Optimisation of synthetic vector systems for cancer gene therapy - the role of the excess of cationic dendrimer under physiological conditions.
|Title||Optimisation of synthetic vector systems for cancer gene therapy - the role of the excess of cationic dendrimer under physiological conditions.|
|Publication Type||Journal Article|
|Year of Publication||2014|
|Authors||Santander-Ortega MJ, de la Fuente M, Lozano MV, Tsui ML, Bolton K, Uchegbu IF, Schätzlein AG|
|Journal||Curr Top Med Chem|
|Keywords||Cations, Cell Line, Tumor, Dendrimers, Drug Delivery Systems, Gene Transfer Techniques, Genetic Therapy, Humans, Neoplasms, Polypropylenes|
We have previously demonstrated in a therapeutic study that a single systemic course of DAB-Am16 dendriplexes loaded with plasmid expressing TNFα over a period of time of 10 days led to a regression of 100% of tumours and to long term cures of up to 80% of animals. However, the formulation had a relatively low colloidal stability requiring administration soon after nanoparticle preparation.
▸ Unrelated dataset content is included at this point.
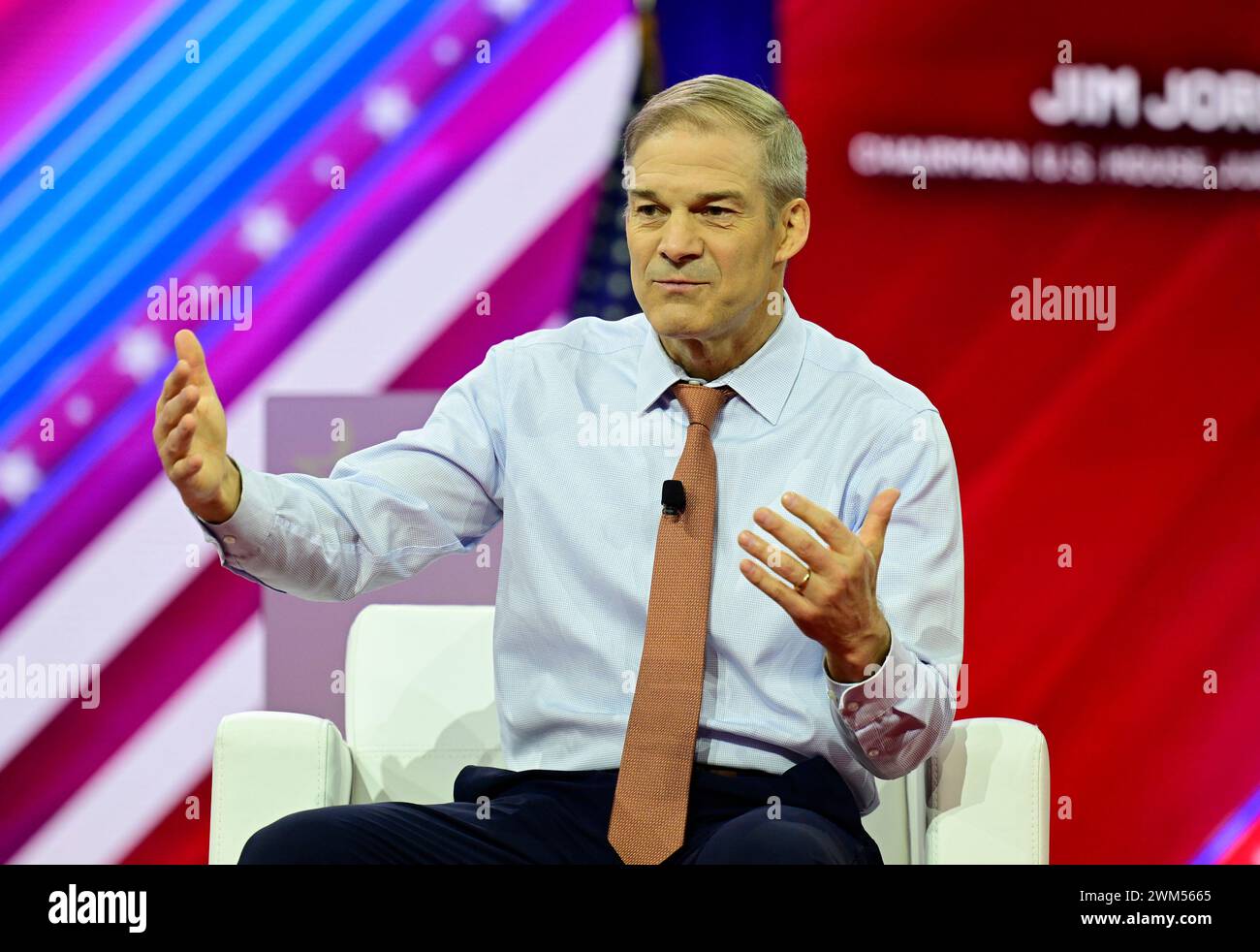 National Harbor, Maryland, USA. Februar 2024. Der US-Repräsentant Jim Jordan (Republikaner von Ohio), Vorsitzender des US-Justizausschusses, wird von Matt Schlapp, dem Vorsitzenden der American Conservative Union, während einer Podiumsdiskussion mit dem Titel „What You Talking bout Fani Willis?“ interviewt. Auf der Konservativen Politischen Aktionskonferenz (CPAC) 2024 in National Harbor, Maryland, USA, am Freitag, den 23. Februar, 2024. Credit: Ron Sachs /CNP /MediaPunch Credit: MediaPunch Inc/Alamy Live News Stockfoto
Similar to other cationic polyplex and dendrimer DNA delivery systems, DAB-AM16 dendrimer formulations contained a substantial proportion of free polymer; this free polymer is present independently of the specific polymer:DNA ratio and increases with increasing proportion of polymer (N:P charge ratio) in the formulation. It has previously been shown for this and other systems that the excess of polymer plays a role in promoting the transfection efficiency of synthetic vectors. This has been linked to effects of the polymer on the efficiency of intracellular processing, e.g. endosomal release. However, the free polymer may have additional effects that are relevant to the efficiency of the formulation. This study therefore considered the effect of free dendrimer on the colloidal stability of the complexes, the interaction of the complex with the formulation medium, and with biological components, i.e. electrolytes and serum proteins after administration. Analysis of the total potential of interaction shows that, even at high N:P ratios, the excess of free dendrimer in the medium is not enough to induce the aggregation of the formulation due to depletion forces. This finding is unusual and can be attributed to the particularly low Mw of these dendrimers (1.6 kDa). On the other hand, formulations are highly sensitive to the strength of the dendrimer:DNA interactions. These can be controlled by the degree of protonation (α) of the dendrimer which is strongly dependent on bulk pH. Modulation of the protonation level to α≥0.4 allows reproducible production of colloidally stable particles. Finally, we have demonstrated that electrolytes and proteins present in physiological media play a crucial role to favour the efficiency of these synthetic vectors reducing the toxicity associated with their cationic groups.